++++ GIVEN RECORDS ++++

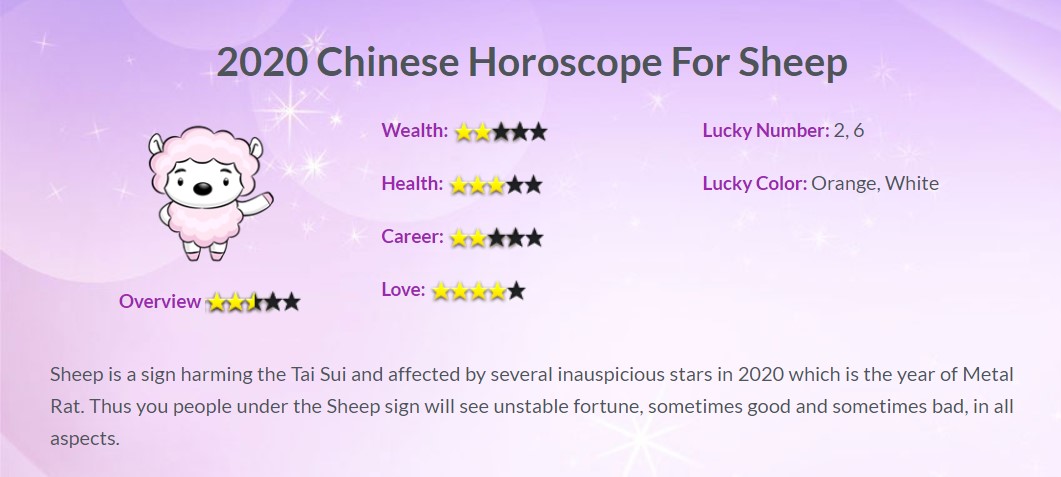 Year of the Rat 2020, Zodiac 2020, Horoscope 2020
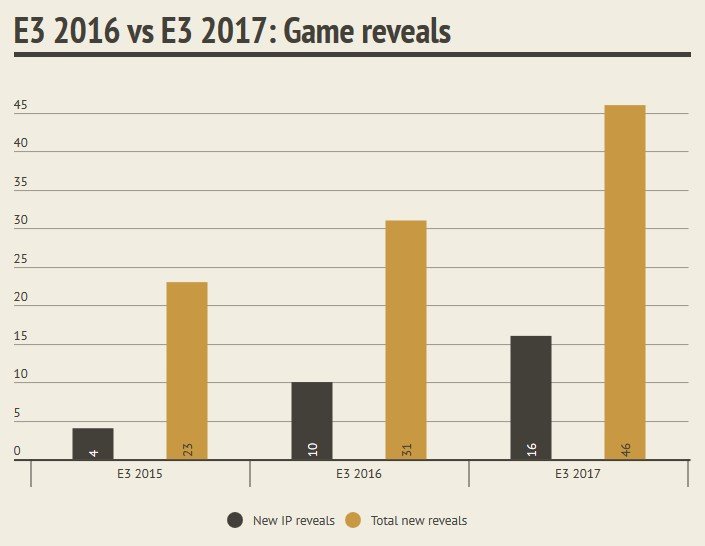 graphique annonces jeux e3 2017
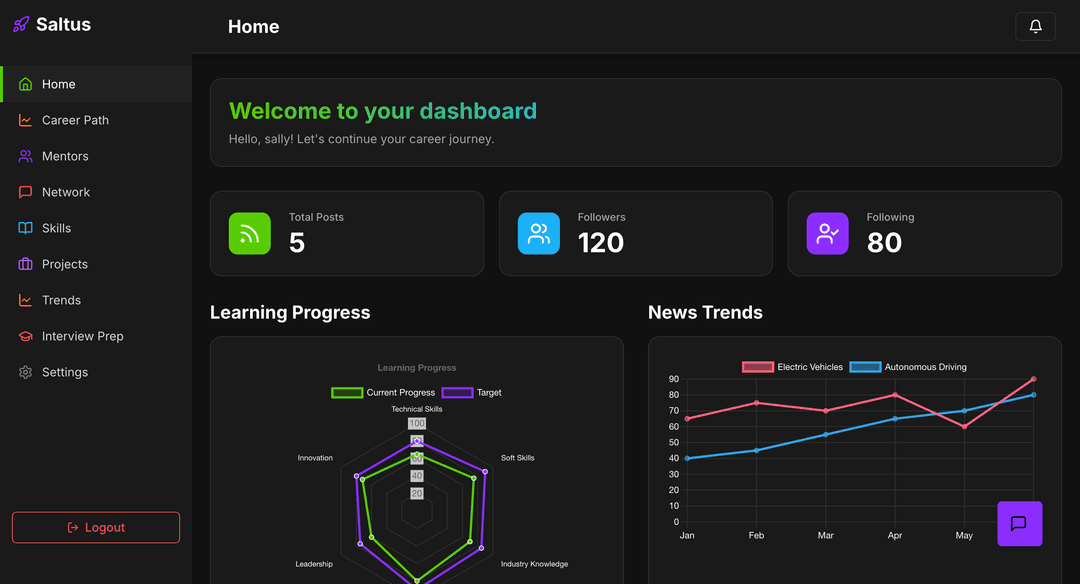 Saltus Dashboard
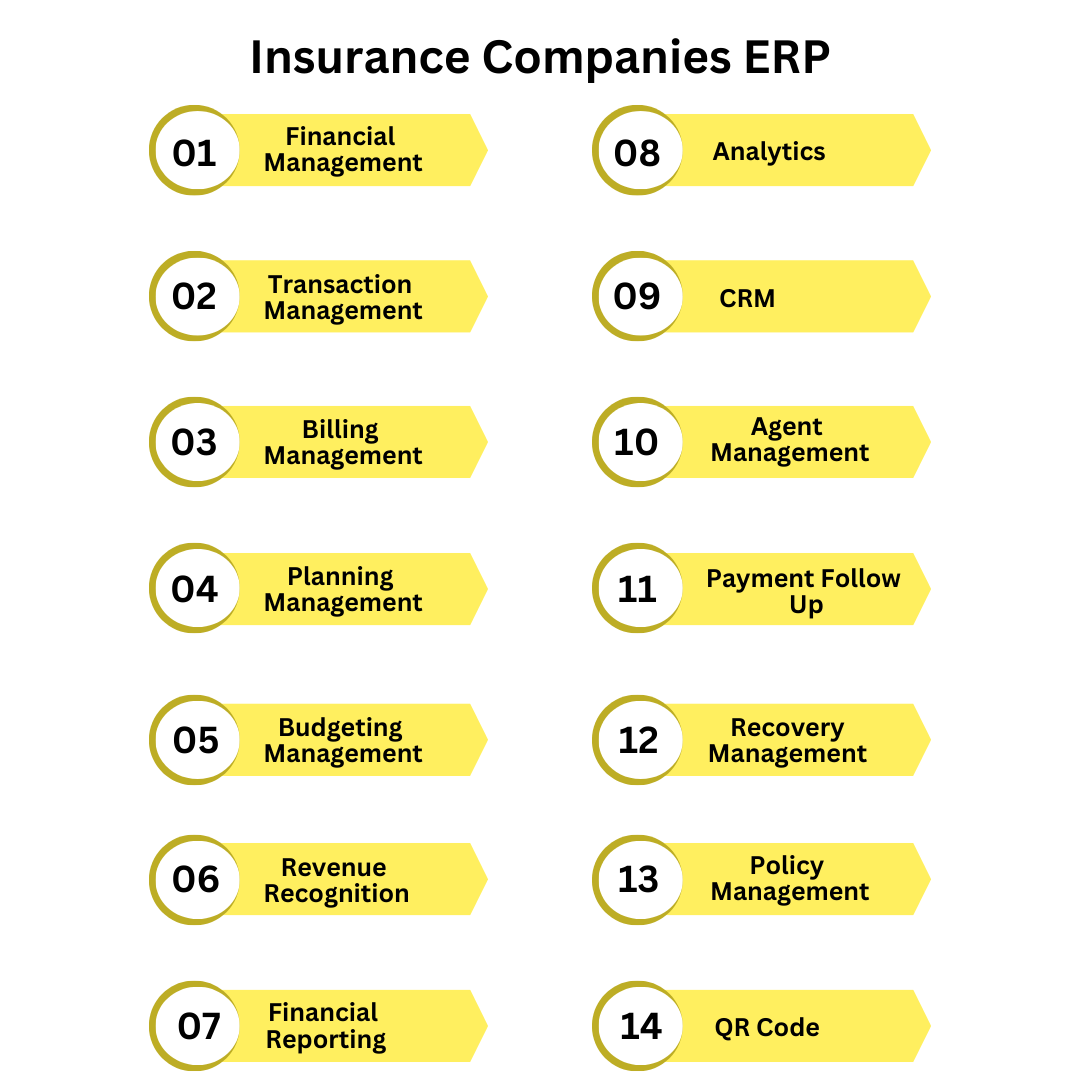 Insurance Companies ERP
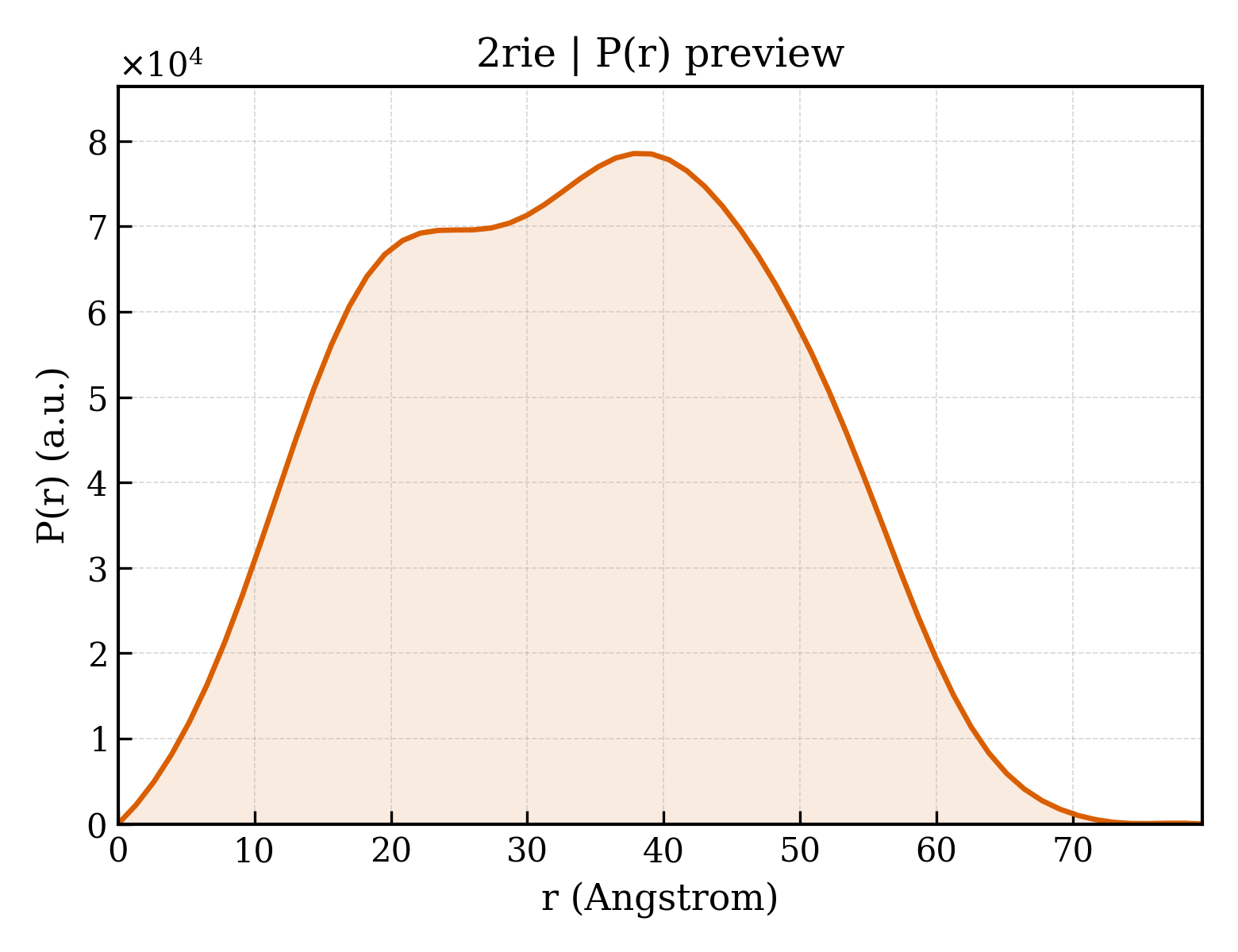P(r) distribution for 2rie
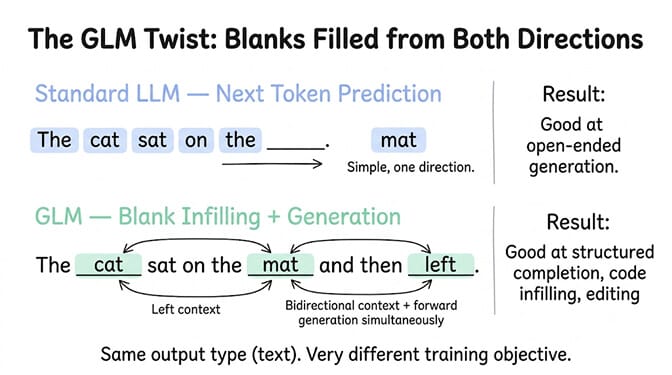 The GLM twist: blanks filled from both directions - autoregressive generation combined with blank infilling, hand-drawn pastel style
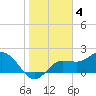 Mckay Bay entrance tide chart for Saturday, February 4, 2023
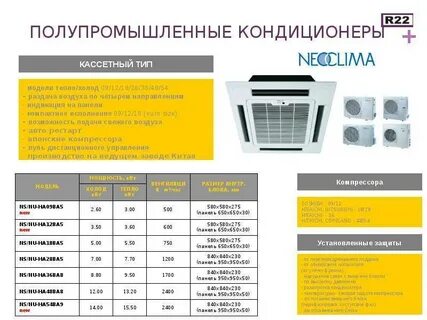 Кассетный кондиционер размеры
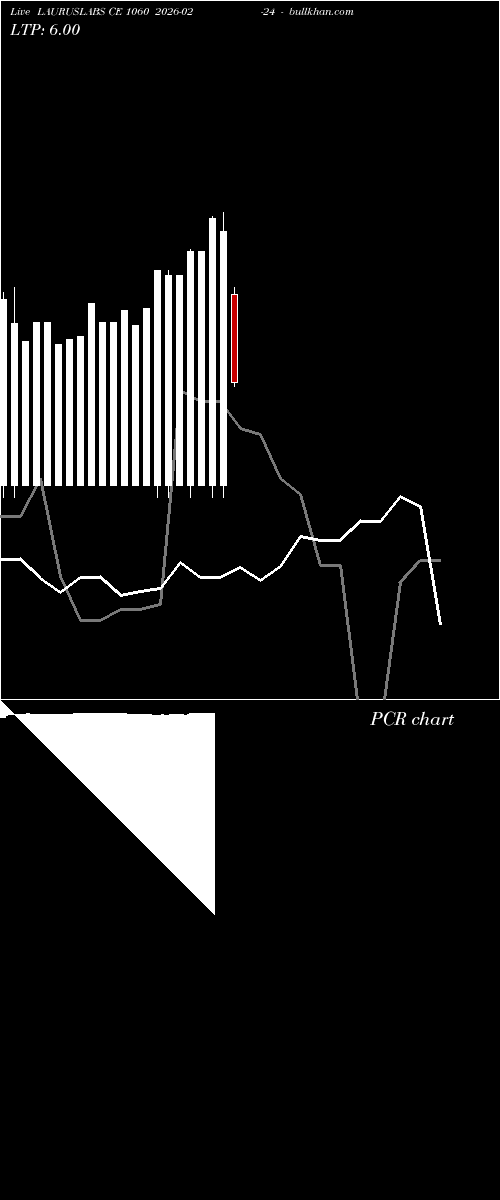  option chart LAURUSLABS CE 1060 2026-02-24 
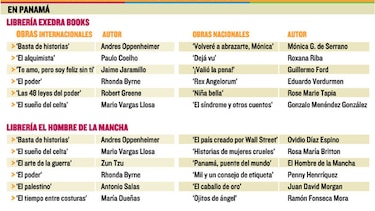 Letras extranjeras dominan el país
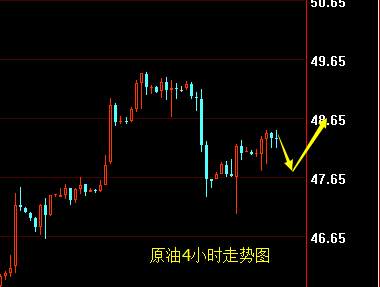 吴敬科：黄金蓄力待发，原油承压下行EIA如何操作？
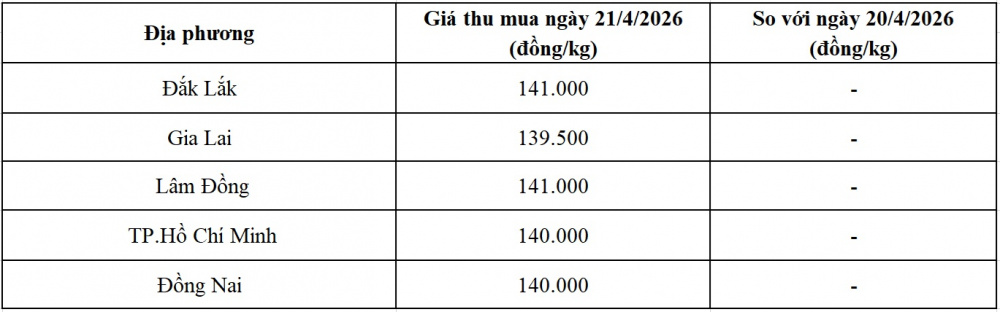 giá tiêu hôm nay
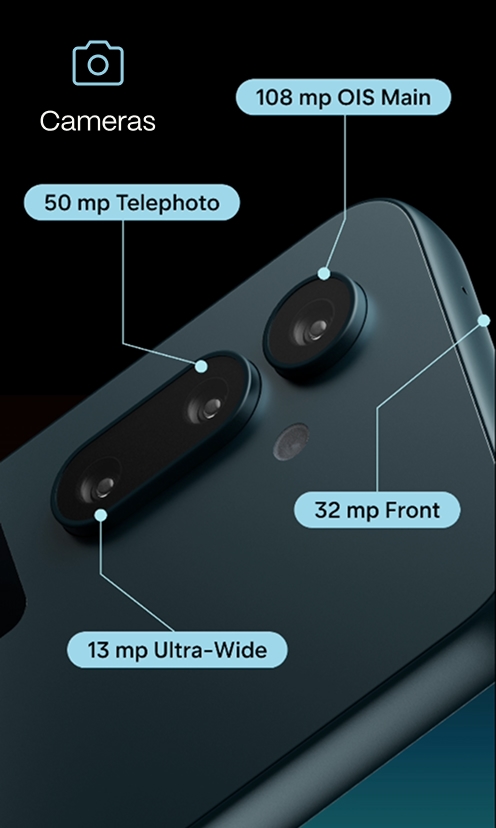 Camera specs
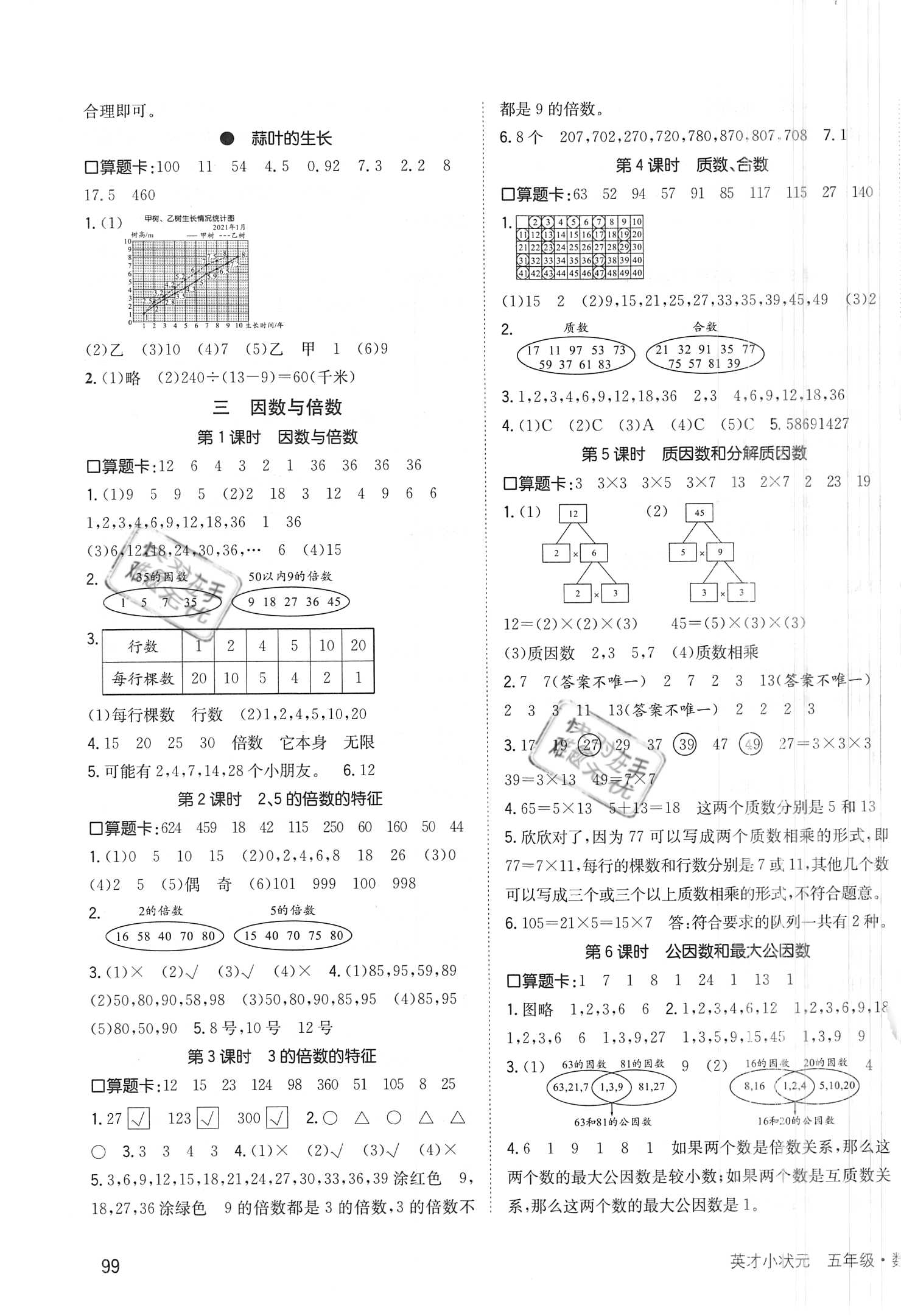 2021年英才小狀元同步優(yōu)化練與測五年級數(shù)學(xué)下冊蘇教版 第3頁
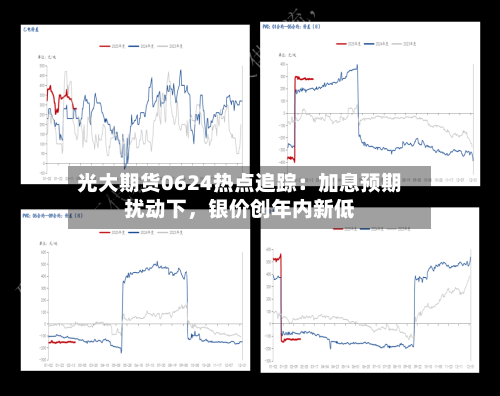 光大期货0624热点追踪：加息预期扰动下，银价创年内新低-第2张图片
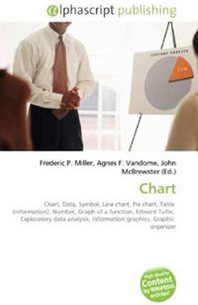 Chart: Chart, Data, Symbol, Line chart, Pie chart, Table (information), Number, Graph of a function, Edward Tufte, Exploratory data analysis, Information graphics, Graphic organizer 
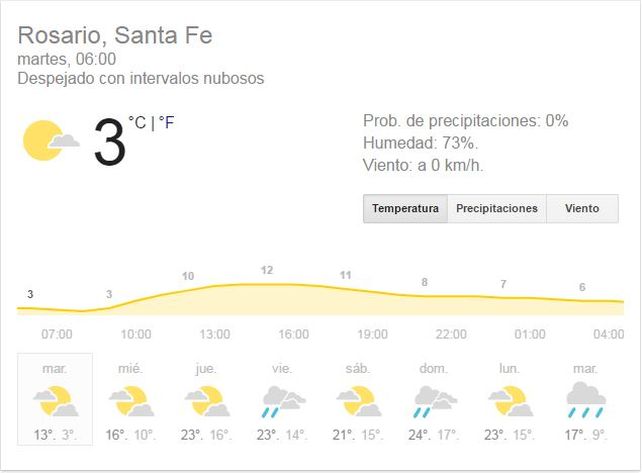 El Día de la Bandera llega con  mucho frío, pero con buenas condiciones meteorológicas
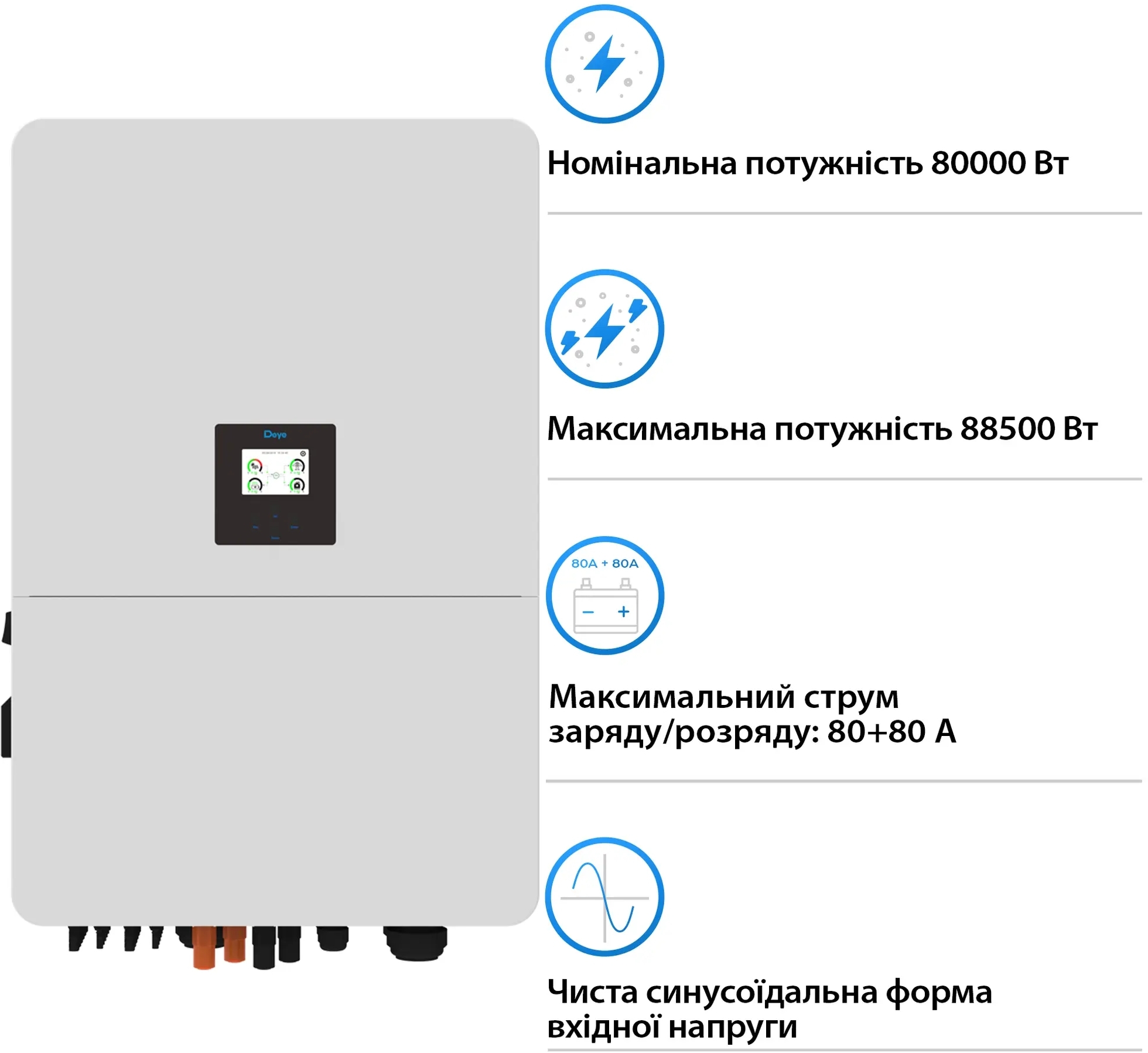 Інвертор сонячний DEYE SUN-80K-SG02HP3-EU-EM6 80kW 176.8kWh 1BAT LiFePO4 (SV-3DE80K1-HGS176K1-1) фото3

++++

YOUR TASK:
Produce an exact copy of the lines from the line containing "Letras extranjeras dominan el país" through the last line of the records, with no pictures and no other text.

ANSWER BOX:
 Letras extranjeras dominan el país
 吴敬科：黄金蓄力待发，原油承压下行EIA如何操作？
 giá tiêu hôm nay
 Camera specs
 2021年英才小狀元同步優(yōu)化練與測五年級數(shù)學(xué)下冊蘇教版 第3頁
 光大期货0624热点追踪：加息预期扰动下，银价创年内新低-第2张图片
 Chart: Chart, Data, Symbol, Line chart, Pie chart, Table (information), Number, Graph of a function, Edward Tufte, Exploratory data analysis, Information graphics, Graphic organizer 
 El Día de la Bandera llega con  mucho frío, pero con buenas condiciones meteorológicas
 Інвертор сонячний DEYE SUN-80K-SG02HP3-EU-EM6 80kW 176.8kWh 1BAT LiFePO4 (SV-3DE80K1-HGS176K1-1) фото3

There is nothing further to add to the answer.